12. A ação do CAPA é orientada por uma visão holística, ou seja, integradora das diversas dimensões que promovem o bem-estar das pessoas: econômica, cultural, social, política, ambiental e espiritual.
13. A visão holística requer uma intervenção multidisciplinar e, portanto, um programa de trabalho que incorpore não apenas o aspecto da produção agrícola, mas também temas como a organização, agroindústria, gestão, comercialização, saúde, alimentação e formação. Isto reflete diretamente na composição das equipes do CAPA.
14. A visão holística requer que o trabalho seja desenvolvido com toda a família, envolvendo homens, mulheres, idosos e jovens.
15. Valores humanísticos como a justiça, paz, amor, solidariedade e equidade fazem parte da abordagem do CAPA.
16. A estratégia de intervenção do CAPA tem como elementos centrais:
(i) buscar a autonomia dos agricultores familiares;
(ii) o fortalecimento da organização dos agricultores;
(iii) trabalho com grupos organizados para irradiar as ações;
(iv) a construção de alianças e parcerias para potencializar as ações;
(v) considerar as diferentes perspectivas: de gênero e de geração;
(vi) influenciar as políticas públicas rumo à agricultura sustentável, como componente do desenvolvimento sustentável;
(vii) proporcionar espaços de formação e buscar elevar o nível educacional (escolarização);
(viii) promover o protagonismo dos agricultores familiares.
17. O CAPA trabalha na perspectiva de facilitar processos coletivos de construção de propostas, sujeitos a erros e acertos no percurso. Portanto, prioriza metodologias participativas que possibilitem que os agricultores/as sejam atores reais no processo.
18. O CAPA aposta na construção conjunta de saberes, tendo o conhecimento dos/as agricultores/as e as informações geradas pela pesquisa acadêmica como fontes de inspiração para a formulação de propostas.

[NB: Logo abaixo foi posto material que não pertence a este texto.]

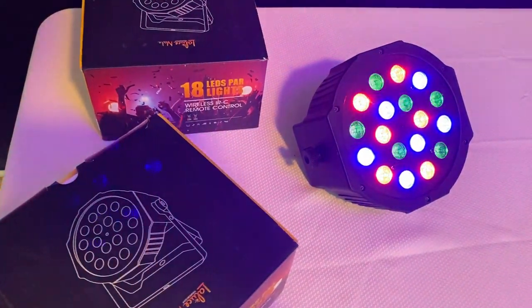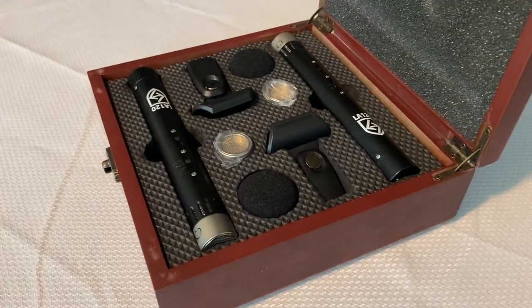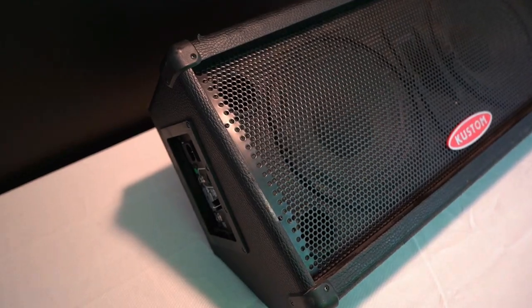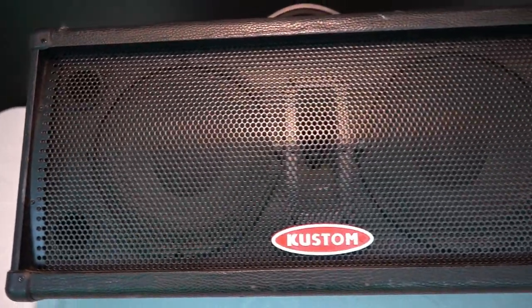Welcome to another episode of the Musician's Gear. Have you ever been playing a gig where the stage wedges were way too quiet or they really just couldn't cut through all that stage noise? I've definitely been there before and it's a struggle to say the least. That's why today we're going to be talking about the Customs KPM 210 powered wedge monitor.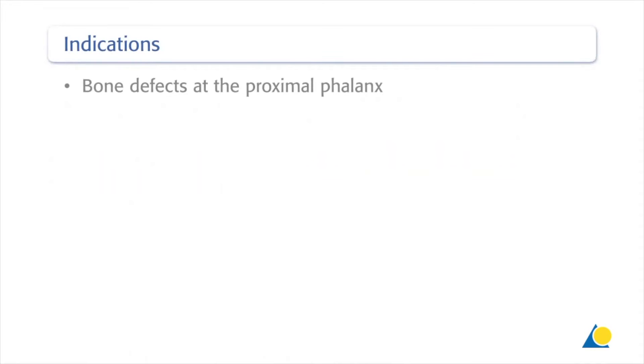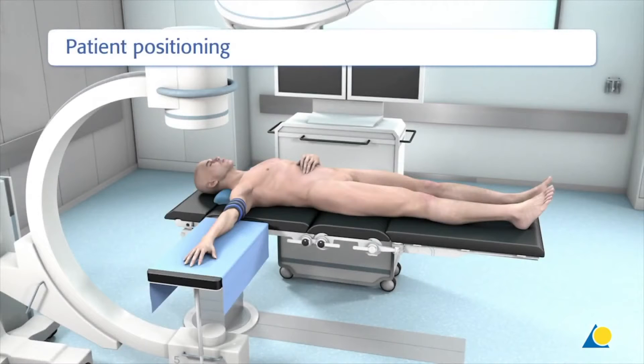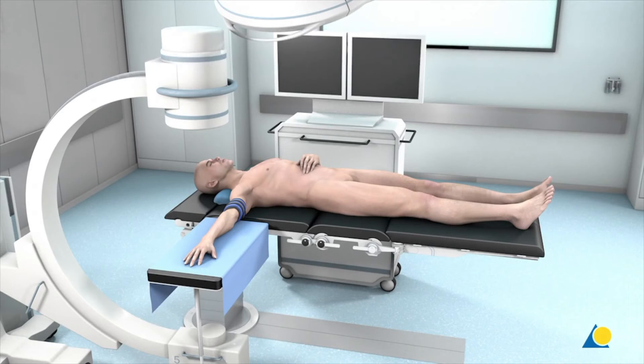This approach is indicated for bone defects at the proximal phalanx. The patient is positioned supine on the operating table with the arm placed on an arm table at the level of the shoulder joint. The use of a tourniquet is strongly recommended. A fluoroscope is positioned opposite the surgeon to allow intraoperative radiological examination.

19. A diversidade é um elemento central para a ecologização dos sistemas agrícolas e para atingir a sustentabilidade. Sem diversidade fica difícil construir independência e autonomia.
20. A aptidão natural do ambiente local e os sistemas de produção tradicionais ainda existentes são referência central na elaboração de planos de conversão agroecológica.

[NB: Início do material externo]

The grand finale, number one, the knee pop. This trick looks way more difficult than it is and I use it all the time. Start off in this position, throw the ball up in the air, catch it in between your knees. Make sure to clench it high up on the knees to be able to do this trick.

21. Na avaliação de resultados, a qualidade de produtos e processos é tão importante quanto a quantidade. Isso significa que a melhoria da qualidade de vida é um resultado tão importante quanto o retorno financeiro.
22. A conversão agroecológica deve resultar na melhoria de condição de renda das famílias. Portanto, organização do mercado e comercialização são temas relevantes para a ação do CAPA.
23. Aplicando o princípio da sustentabilidade, o mercado local deve ter prioridade, pois permite menor custo energético e financeiro no transporte dos produtos, procedimentos de certificação mais simplificados, e menos intermediação entre o produtor e consumidor.
24. Todavia, os mercados mais distantes, incluindo o internacional, também têm seu lugar. A exportação de produtos pode se justificar especialmente no caso de cultivos de exportação e/ou para fortalecer laços de solidariedade com organizações de consumidores.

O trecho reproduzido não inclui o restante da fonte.